While the ECB was the last of the three to start raising rates, it will now almost certainly start cutting rates before the Fed and Bank of England, both of which have said further progress is needed to reduce inflation.

UBP strategist: We expect the ECB to cut interest rates next week

Markets have fully priced in just one more rate cut by the European Central Bank for the rest of the year, a sharp revision from expectations at the start of the year that it would cut rates as many as six times starting in the spring. In the same Reuters poll, a majority predicted the ECB would cut interest rates two more times in September and December.

Knott, usually known for his hawkish stance, said on Tuesday there had been “clear deflation” since peaking above 10% in late 2022, particularly on goods inflation. However, he said the next phase of the process could be “more volatile” due to base effects in energy prices and the removal of government fiscal support programs.

What happens after June depends on the data

Nott said the interplay between inflation expectations, market pricing, economic growth data, the labor market and productivity, and the ECB’s own quarterly forecasts meant it was not yet possible to commit to a specific path for rate cuts in the second half of the year.

“The precise timing, pace and scale of easing must also follow a data-dependent approach… Labor market data is a key factor in our forecasts,” he said.

Nott noted that the ECB’s last staff forecast, released in March, suggested that three to four rate cuts this year would be appropriate, similar to what markets were pricing in at the time.

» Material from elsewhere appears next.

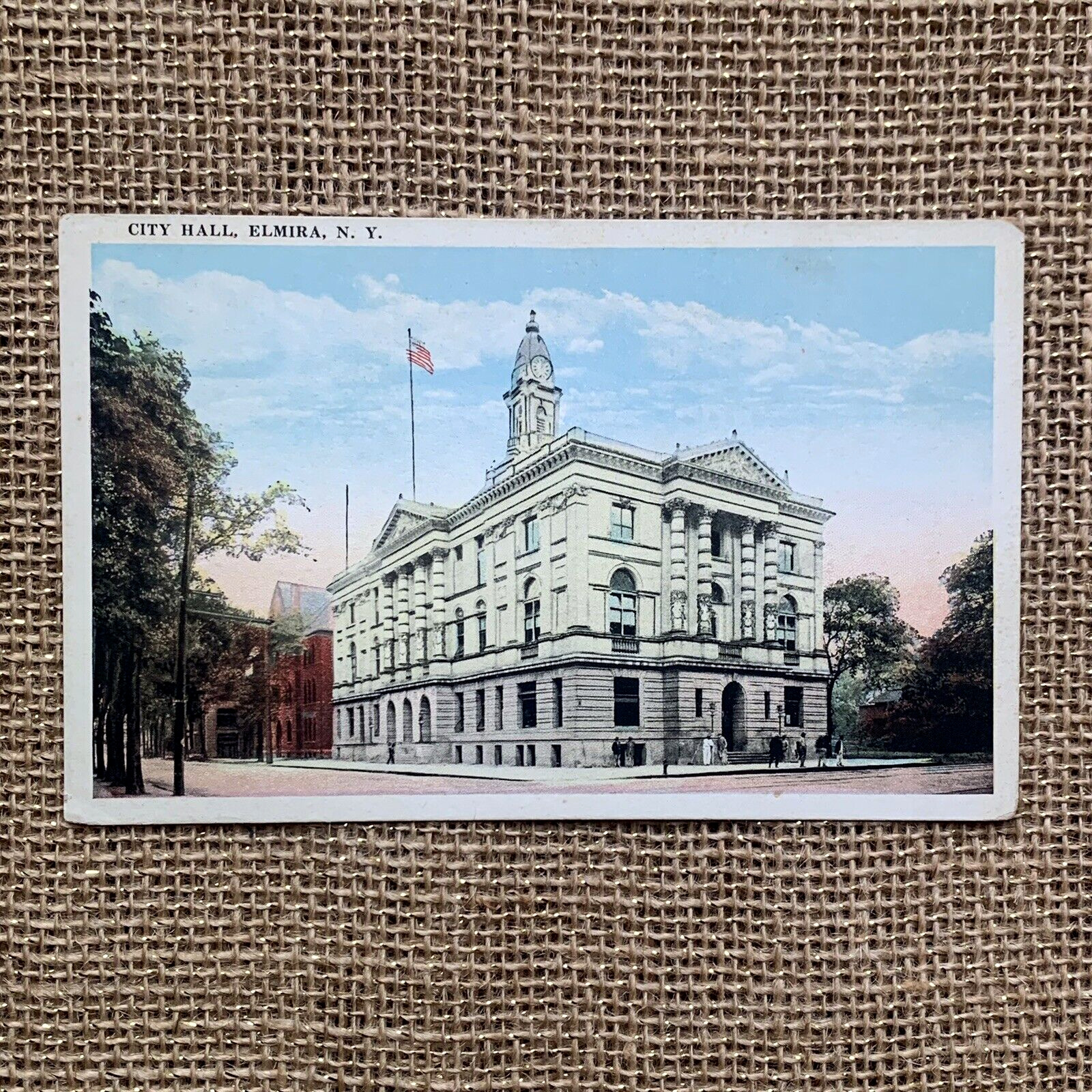 City Hall Elmira New York Clock Tower Flag White Boarder Unposted Postcard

“While the latest figures from the new wage deal do suggest that wage growth has slowed somewhat since the end of 2023, wage growth unfortunately remains relatively high. Based on forward-looking indicators, the road to 2024 is expected to remain quite bumpy,” Knot said.

“Productivity growth remains low and has not picked up yet. Therefore, we will have to wait for the next round of forecasts in June, which will provide us with an updated assessment of the outlook for inflation and the attendant balance of risks.”

Preliminary Eurozone inflation data for May will be released on Friday, and the European Central Bank will make its next monetary policy decision and forecast on June 6.